[tor-dev] Drafting a proposal for mnemonic onion URLs

Wed Dec 21 05:51:24 UTC 2011

A couple issues:

1. There's no such thing as "bits per word" without a dictionary, or
better yet, a frequency-sorted dictionary. :-P (See Alex's comments in
https://plus.google.com/u/0/103112149634414554669/posts/FMDg2Vht8sb
for a good idea on this.)

For reference, the OED is ~250k words (~18 bits at most, without
considering frequency).

2. People cannot remember a random ordered set of even four rare
words. Consider for instance that memory competitions involve doing
*exactly that* and that untrained people generally can't retain even a
small number. What people do in competitions, and what I've proposed
in the draft, is remember *scenes* — e.g. something you can state in a
sentence.

Also, you can't use words that people don't know. "Squibbish" might as
well be "kaftorn". Merely being a word is not sufficient; it has to be
something with semantic value. "English-sounding" is useless except
for the very low bar of "can be spoken over a telephone".
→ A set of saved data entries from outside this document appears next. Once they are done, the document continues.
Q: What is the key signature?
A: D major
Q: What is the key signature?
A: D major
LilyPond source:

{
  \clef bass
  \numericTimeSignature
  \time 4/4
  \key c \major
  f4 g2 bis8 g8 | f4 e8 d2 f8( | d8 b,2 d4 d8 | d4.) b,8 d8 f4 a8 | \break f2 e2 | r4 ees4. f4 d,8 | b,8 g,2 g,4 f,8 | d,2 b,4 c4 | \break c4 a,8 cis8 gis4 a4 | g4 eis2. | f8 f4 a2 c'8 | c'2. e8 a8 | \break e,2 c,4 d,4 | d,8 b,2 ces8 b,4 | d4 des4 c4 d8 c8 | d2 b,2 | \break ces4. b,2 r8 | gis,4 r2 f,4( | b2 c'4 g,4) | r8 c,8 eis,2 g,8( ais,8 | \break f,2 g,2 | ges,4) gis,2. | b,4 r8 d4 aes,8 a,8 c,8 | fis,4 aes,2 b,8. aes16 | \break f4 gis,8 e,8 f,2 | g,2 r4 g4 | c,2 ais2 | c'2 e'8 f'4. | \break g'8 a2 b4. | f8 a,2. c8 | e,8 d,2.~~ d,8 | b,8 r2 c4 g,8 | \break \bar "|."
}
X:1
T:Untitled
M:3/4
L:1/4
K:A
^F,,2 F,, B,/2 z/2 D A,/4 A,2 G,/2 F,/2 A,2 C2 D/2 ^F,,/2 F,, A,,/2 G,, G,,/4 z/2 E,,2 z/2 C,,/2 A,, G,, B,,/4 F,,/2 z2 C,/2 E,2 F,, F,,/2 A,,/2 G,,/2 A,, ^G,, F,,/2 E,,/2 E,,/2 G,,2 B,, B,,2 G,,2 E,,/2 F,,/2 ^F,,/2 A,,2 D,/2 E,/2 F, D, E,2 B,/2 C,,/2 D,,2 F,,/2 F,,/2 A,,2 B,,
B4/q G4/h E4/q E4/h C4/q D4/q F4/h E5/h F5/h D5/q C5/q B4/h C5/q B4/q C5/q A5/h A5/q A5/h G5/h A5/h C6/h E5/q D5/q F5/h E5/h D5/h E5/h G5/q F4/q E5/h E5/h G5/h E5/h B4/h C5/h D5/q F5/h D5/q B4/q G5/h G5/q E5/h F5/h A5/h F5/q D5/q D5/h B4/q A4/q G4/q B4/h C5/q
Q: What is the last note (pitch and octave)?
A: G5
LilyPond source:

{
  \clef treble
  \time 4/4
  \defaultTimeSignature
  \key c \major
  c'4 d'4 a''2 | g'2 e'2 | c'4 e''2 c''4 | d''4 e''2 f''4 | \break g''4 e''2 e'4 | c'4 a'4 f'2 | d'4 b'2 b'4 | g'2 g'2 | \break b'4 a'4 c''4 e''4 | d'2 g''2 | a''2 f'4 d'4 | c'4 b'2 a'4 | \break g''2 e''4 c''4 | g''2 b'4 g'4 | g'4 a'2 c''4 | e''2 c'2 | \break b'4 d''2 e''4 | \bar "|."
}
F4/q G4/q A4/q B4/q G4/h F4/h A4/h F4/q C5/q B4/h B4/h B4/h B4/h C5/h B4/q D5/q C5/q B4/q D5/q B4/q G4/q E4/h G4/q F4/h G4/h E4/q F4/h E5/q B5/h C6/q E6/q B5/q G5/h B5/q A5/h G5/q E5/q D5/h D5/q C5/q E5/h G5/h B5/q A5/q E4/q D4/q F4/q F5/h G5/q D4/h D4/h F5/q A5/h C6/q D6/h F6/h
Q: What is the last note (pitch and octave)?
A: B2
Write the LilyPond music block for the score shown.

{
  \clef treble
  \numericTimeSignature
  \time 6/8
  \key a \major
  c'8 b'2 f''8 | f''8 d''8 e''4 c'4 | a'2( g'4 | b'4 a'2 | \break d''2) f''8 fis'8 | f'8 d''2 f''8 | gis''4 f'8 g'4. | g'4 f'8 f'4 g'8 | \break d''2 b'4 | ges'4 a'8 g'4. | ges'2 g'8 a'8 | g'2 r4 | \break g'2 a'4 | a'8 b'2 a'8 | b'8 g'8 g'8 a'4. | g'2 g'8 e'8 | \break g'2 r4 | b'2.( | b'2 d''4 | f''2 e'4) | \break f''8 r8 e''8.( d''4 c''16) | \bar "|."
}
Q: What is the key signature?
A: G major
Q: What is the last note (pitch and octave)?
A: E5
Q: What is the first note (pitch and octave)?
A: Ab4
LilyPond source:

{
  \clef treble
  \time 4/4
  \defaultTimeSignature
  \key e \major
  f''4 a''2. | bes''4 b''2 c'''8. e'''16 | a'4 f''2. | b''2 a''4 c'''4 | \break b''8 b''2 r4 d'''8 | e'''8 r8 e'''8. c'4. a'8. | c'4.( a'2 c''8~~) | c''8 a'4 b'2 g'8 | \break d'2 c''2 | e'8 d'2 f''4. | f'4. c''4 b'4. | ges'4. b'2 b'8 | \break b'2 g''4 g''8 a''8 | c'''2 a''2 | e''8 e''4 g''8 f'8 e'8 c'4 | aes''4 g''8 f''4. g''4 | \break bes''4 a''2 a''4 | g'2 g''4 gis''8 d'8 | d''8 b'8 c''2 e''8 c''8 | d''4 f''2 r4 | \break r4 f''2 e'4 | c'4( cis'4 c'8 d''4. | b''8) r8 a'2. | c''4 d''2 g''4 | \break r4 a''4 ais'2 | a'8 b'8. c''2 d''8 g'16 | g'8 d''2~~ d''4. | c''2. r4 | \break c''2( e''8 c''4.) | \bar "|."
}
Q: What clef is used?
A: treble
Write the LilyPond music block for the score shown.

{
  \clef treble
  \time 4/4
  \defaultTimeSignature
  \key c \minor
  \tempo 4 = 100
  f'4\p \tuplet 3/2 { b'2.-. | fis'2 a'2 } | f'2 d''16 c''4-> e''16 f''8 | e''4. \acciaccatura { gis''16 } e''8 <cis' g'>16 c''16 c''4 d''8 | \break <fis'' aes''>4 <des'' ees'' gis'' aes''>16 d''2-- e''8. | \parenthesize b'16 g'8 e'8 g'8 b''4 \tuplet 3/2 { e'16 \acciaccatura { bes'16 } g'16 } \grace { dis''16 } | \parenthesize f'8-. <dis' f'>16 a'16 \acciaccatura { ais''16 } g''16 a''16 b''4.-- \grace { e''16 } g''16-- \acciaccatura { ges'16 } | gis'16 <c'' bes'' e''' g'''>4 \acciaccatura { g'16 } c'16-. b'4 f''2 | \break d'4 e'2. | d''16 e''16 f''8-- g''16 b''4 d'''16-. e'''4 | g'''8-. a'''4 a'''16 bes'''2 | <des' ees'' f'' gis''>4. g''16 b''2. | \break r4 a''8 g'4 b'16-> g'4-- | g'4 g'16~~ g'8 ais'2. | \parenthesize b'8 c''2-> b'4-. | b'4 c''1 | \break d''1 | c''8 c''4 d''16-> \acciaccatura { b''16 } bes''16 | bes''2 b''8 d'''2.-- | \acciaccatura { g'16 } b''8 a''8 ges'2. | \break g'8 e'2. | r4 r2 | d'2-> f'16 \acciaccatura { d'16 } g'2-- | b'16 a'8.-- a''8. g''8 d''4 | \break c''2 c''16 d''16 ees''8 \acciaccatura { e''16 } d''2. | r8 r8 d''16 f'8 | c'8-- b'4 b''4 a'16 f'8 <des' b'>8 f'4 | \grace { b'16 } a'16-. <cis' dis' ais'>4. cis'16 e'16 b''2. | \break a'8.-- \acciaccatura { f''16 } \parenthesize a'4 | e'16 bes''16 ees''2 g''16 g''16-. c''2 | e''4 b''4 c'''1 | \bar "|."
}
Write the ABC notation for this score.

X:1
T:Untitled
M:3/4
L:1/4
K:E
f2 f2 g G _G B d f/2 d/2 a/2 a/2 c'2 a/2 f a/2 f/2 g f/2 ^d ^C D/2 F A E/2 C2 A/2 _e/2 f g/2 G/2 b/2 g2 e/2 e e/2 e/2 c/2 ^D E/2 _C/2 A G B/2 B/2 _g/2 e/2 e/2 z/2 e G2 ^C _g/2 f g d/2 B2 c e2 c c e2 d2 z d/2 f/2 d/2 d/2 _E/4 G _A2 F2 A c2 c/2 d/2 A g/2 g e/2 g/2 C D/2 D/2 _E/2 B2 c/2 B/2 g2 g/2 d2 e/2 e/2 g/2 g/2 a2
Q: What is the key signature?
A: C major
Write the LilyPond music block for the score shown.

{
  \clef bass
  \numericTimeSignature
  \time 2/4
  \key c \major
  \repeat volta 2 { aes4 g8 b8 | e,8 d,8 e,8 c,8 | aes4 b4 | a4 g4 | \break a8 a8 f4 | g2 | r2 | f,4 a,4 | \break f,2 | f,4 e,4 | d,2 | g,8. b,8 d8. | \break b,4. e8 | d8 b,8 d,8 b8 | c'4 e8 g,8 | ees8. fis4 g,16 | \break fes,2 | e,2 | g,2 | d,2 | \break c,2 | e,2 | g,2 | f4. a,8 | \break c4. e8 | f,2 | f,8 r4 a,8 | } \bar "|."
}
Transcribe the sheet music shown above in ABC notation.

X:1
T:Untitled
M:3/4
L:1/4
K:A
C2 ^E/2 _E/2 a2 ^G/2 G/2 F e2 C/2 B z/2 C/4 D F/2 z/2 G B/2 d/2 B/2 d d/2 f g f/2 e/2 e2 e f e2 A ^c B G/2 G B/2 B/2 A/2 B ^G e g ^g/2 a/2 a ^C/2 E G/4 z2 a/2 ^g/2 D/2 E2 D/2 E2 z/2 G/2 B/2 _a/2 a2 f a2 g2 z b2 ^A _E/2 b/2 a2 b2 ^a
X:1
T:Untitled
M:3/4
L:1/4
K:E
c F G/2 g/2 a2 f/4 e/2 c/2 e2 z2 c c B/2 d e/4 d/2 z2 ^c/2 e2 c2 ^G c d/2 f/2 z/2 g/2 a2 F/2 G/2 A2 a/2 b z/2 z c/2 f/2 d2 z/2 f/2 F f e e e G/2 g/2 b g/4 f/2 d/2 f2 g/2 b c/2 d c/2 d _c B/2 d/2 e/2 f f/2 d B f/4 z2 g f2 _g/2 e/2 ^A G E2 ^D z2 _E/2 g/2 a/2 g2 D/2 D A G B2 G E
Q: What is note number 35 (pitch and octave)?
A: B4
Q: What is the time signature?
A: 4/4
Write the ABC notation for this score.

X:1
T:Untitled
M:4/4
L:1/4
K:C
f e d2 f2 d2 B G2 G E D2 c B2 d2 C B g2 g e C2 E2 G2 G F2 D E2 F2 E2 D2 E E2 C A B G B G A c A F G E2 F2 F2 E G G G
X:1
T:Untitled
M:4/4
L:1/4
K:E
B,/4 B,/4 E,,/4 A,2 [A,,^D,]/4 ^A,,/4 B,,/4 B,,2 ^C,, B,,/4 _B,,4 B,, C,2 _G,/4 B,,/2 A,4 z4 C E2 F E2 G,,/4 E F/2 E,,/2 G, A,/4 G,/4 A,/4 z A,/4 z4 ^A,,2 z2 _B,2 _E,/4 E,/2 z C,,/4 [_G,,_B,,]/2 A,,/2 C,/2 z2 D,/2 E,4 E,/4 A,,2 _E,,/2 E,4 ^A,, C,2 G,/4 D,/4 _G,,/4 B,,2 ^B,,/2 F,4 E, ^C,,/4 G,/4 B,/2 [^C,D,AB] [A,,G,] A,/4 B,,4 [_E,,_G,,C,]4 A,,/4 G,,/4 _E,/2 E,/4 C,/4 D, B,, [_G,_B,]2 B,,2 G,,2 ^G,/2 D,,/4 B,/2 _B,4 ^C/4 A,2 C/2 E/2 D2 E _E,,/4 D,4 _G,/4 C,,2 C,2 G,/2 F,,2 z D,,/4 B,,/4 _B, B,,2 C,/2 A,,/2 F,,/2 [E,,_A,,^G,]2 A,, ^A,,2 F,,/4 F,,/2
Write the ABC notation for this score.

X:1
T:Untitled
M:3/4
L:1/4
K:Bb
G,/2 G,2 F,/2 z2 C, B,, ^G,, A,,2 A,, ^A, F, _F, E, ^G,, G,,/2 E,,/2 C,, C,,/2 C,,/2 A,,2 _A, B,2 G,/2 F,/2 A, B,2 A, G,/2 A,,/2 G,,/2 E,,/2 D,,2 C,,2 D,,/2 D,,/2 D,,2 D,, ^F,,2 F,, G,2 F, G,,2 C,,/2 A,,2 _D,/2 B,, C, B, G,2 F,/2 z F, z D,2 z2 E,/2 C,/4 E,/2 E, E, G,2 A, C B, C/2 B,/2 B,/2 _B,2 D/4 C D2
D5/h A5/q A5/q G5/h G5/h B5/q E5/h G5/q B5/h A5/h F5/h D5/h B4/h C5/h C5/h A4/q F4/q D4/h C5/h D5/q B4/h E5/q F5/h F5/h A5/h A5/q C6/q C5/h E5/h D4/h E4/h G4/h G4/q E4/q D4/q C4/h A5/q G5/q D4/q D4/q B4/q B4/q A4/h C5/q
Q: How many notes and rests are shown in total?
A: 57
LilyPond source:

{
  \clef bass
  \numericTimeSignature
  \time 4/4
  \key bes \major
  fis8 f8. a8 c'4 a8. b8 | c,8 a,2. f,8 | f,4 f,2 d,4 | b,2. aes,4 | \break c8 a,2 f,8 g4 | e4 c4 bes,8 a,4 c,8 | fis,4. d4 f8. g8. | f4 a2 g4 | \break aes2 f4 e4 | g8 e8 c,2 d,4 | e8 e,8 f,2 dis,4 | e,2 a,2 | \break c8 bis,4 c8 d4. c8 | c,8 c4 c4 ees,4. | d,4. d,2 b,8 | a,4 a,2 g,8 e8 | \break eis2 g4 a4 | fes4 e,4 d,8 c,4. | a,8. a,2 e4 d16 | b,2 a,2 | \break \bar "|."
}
This of course constrains the dictionary considerably, such that
assembling even 12 bits (4k) is not completely trivial. But remember,
the point of my proposal is *not* "can you output some random crap
that's word-ish" à la the horrible RFC2289. It's "can you give people
something they'll actually remember".

3. People are not going to remember whether it was, say, 48 or 49 or
84. Numbers are effectively useless for recall. People don't even
think in decimal, they think in very rough logarithmic approximations.
:-P

4. How would you 'keep generating words'? My proposal was that every
hash have a single, canonical phrasal mapping. You would not be able
to change it unless you change your hidden service descriptor. (You
could do that if you're willing to "move" your site, or are making a
new one.)

If you don't have canonical mapping, siteops can't tell people what
their phrasal descriptor is, which means you lose a majority of its
utility for security.

For that matter, how would you ship it without a dictionary? Are you
expecting that most users will already have a common dictionary file?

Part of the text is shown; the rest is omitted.